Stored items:
--

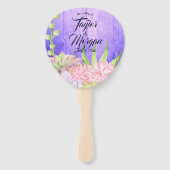 Lila Hochzeit mit magischen Wasserfarben Fächer (Vorderseite)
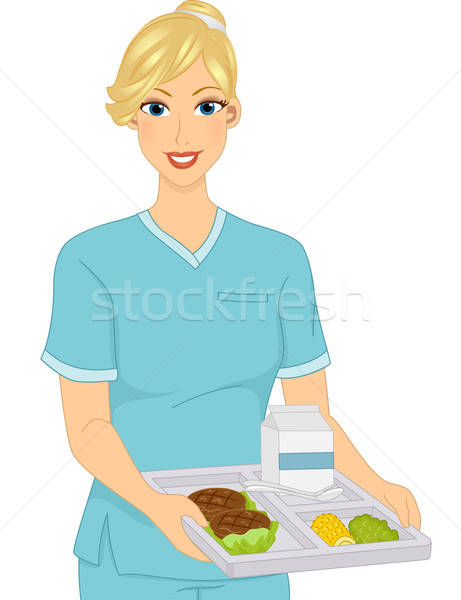 Girl Dietician Food Tray vector illustration © lenm.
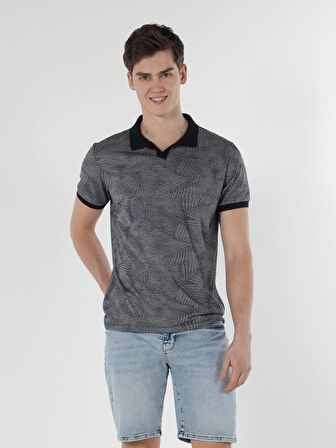Regular Fit Polo Yaka Lacivert Erkek Kısa Kol Tişört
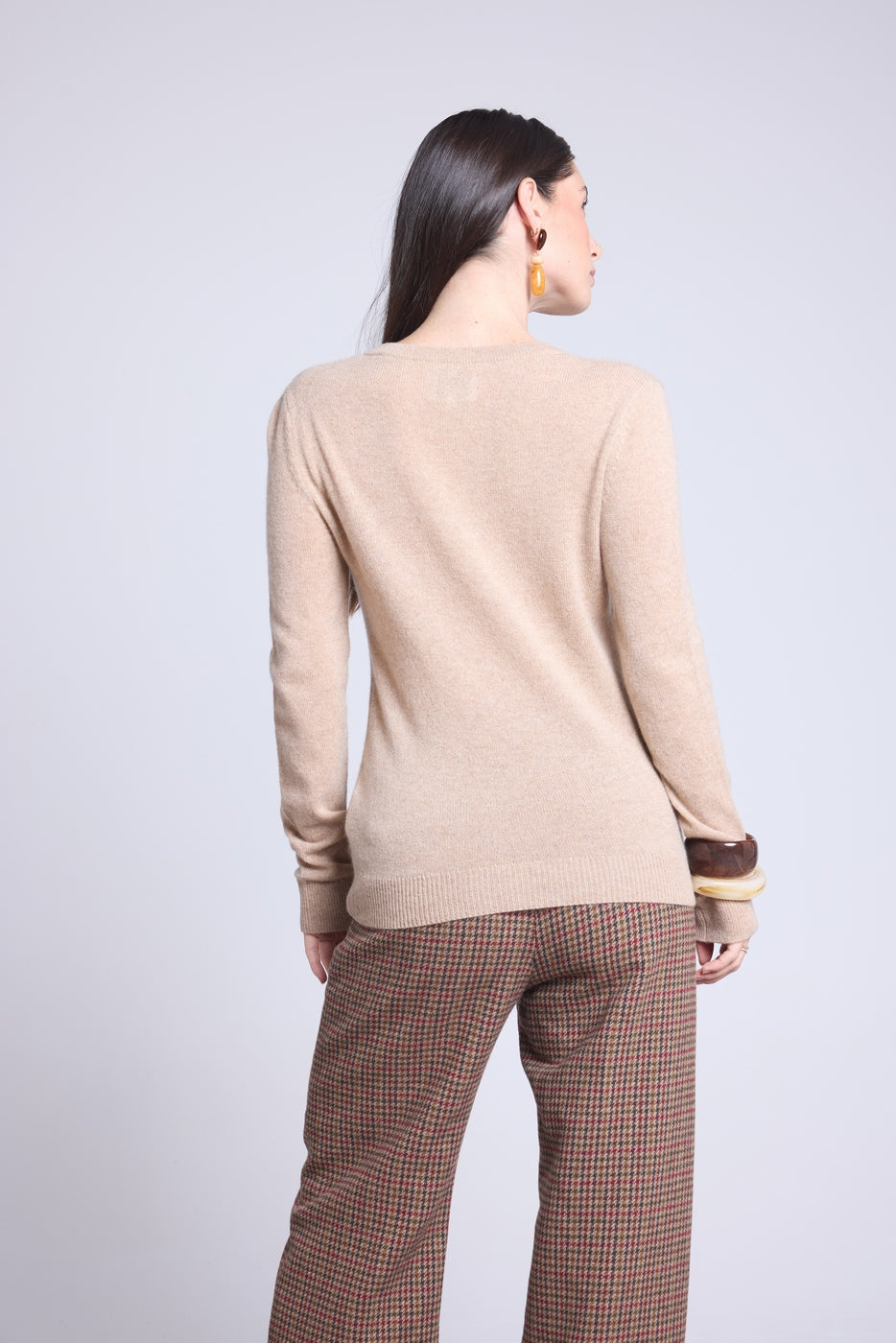 Pull Col V Luna - Beige Creme - Femme
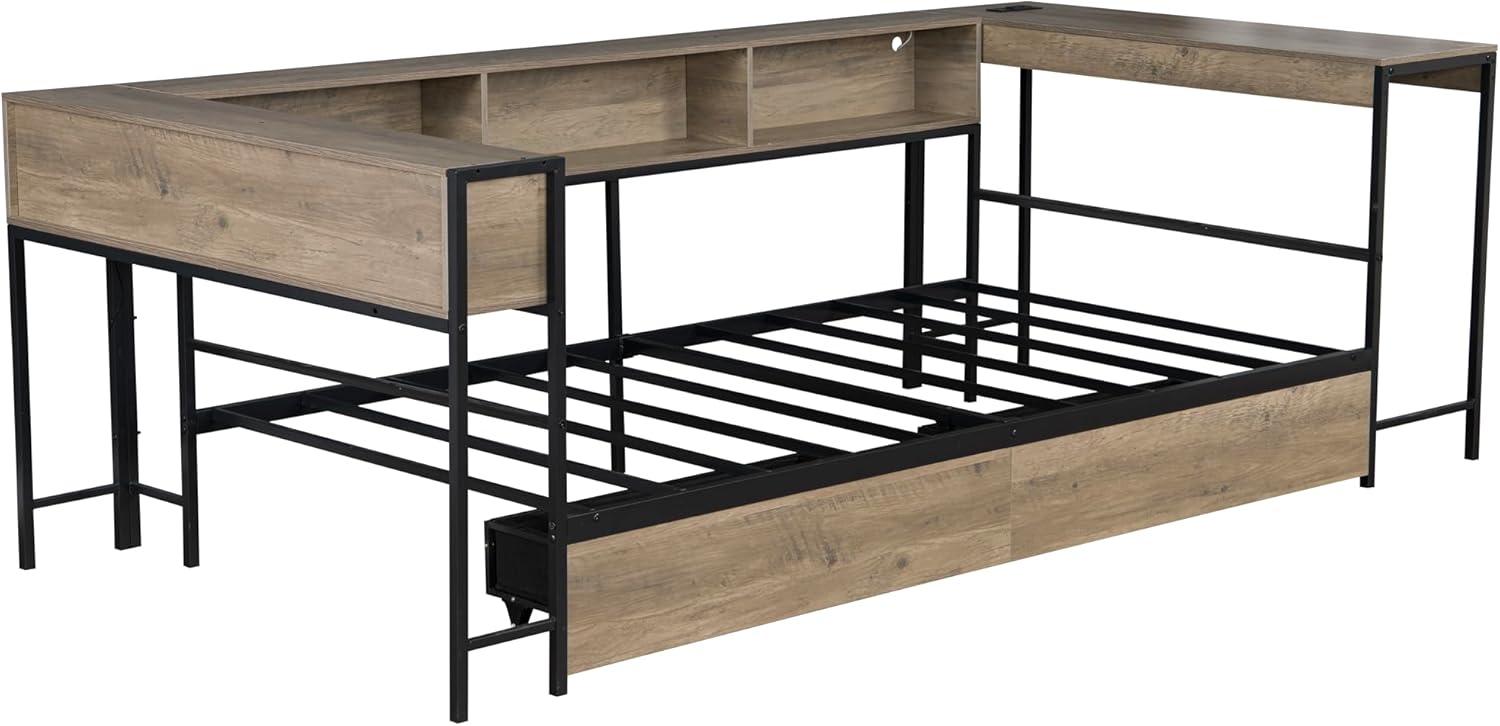 Twin Size Corner Daybed Frame with 5 Storage Shelves, Desk, 2 Drawers, Charging Station and LED Light, Metal Vintage Sofa Bed Frame for Livng Room, Bedroom, No Box Spring Needed, Grey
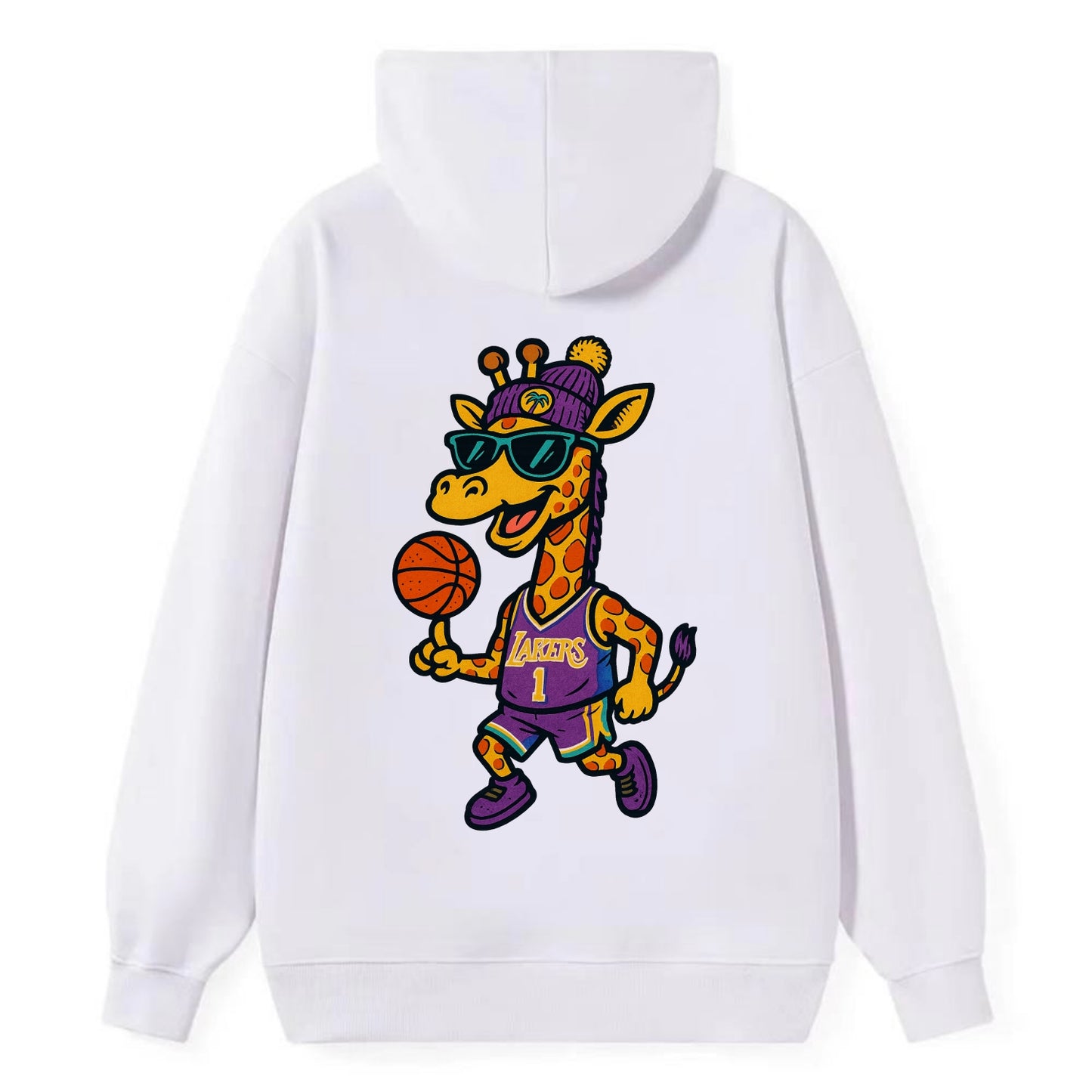 California Giraffe wearing Lakers beanie with palm tree patch and - Classic Pullover Hoodie - White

--

__EXERCISE BRIEF__. An exact copy of the entries above is required; pictures are not part of it.

__OUTPUT FOR THIS EXERCISE__.
 Lila Hochzeit mit magischen Wasserfarben Fächer (Vorderseite)
 Girl Dietician Food Tray vector illustration © lenm.
Regular Fit Polo Yaka Lacivert Erkek Kısa Kol Tişört
 Pull Col V Luna - Beige Creme - Femme
 Twin Size Corner Daybed Frame with 5 Storage Shelves, Desk, 2 Drawers, Charging Station and LED Light, Metal Vintage Sofa Bed Frame for Livng Room, Bedroom, No Box Spring Needed, Grey
 California Giraffe wearing Lakers beanie with palm tree patch and - Classic Pullover Hoodie - White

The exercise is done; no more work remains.